A. A non-poach agreement is essentially an agreement between two companies not to compete with each other`s employees, for example. B by not soliciting them or hiring them. Agreements between companies that otherwise limit or set the terms and conditions of employment of current or potential workers may violate the rules on cartels and abuse of dominance if the agreement limits the company`s independent decision-making on wages, wages, benefits, terms of employment or employment opportunities. An agreement or agreement between two companies not to compete with potential employees is a classic no-poach agreement. Such agreements may be contrary to the Sherman Act, even if they are informal or unwritten. Even if there is no oral or written agreement, other circumstances – such as evidence of discussions, sharing of wage information or parallel behaviour – may be evidence of an illegal implicit agreement. The competition impact statement, filed at the same time as the complaint, explains that these non-poach agreements are in themselves considered unlawful contracting agreements under Section 1 of the Sherman Act.

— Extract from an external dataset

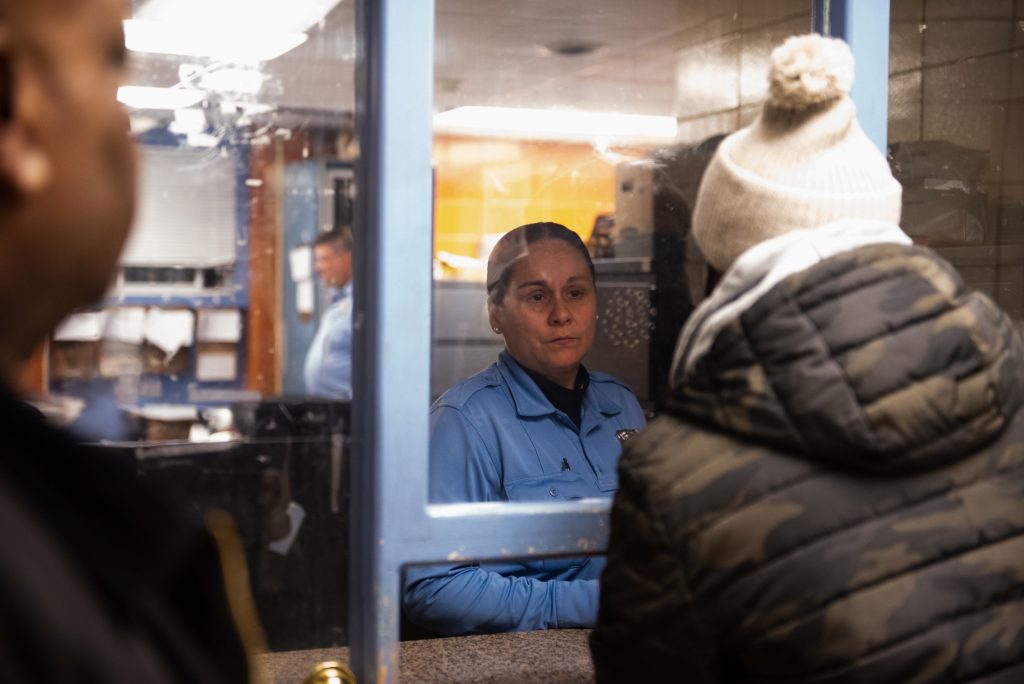 20181130_WHYY_Community Crisis Intervention Program_123 Officer Toledo from the 35th Police District informs James Shuler and other members of the Community Crisis Intervention Program that there have been no recorded instances of violent crime for the day. (Kriston Jae Bethel for WHYY)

In the relevant labour markets, the agreements eliminated competition in the same irretrievably as product pricing or customer allocation agreements, and were not reasonably necessary for cooperation between firms. These non-poach agreements have distorted competition to the detriment of workers by depriving them of the opportunity to negotiate better employment opportunities and conditions of employment. A. The legality of any non-poach agreement must be assessed on the basis of the specific and often clear facts of each situation. Do not assume that a no-poach agreement, because it was considered “incidental” in a case, will also be considered incidental in various circumstances. These analyses are entrusted to the cartel`s most experienced lawyers. A: Yes. For example, in 2007, the DOJ sued the Arizona Hospital and Healthcare Association for illegally implementing a uniform rate plan for temporary nurses for AzHHA member hospitals. In 2010, DOJ decided with Adobe, Apple, Google, Intel, Intuit and Pixar to illegally accept non-poach agreements. Following a private class action for more than $600 million. In all cases, companies should avoid entering into agreements or agreements with other companies about their current or potential employees without first seeking the advice of an experienced cartel advisor.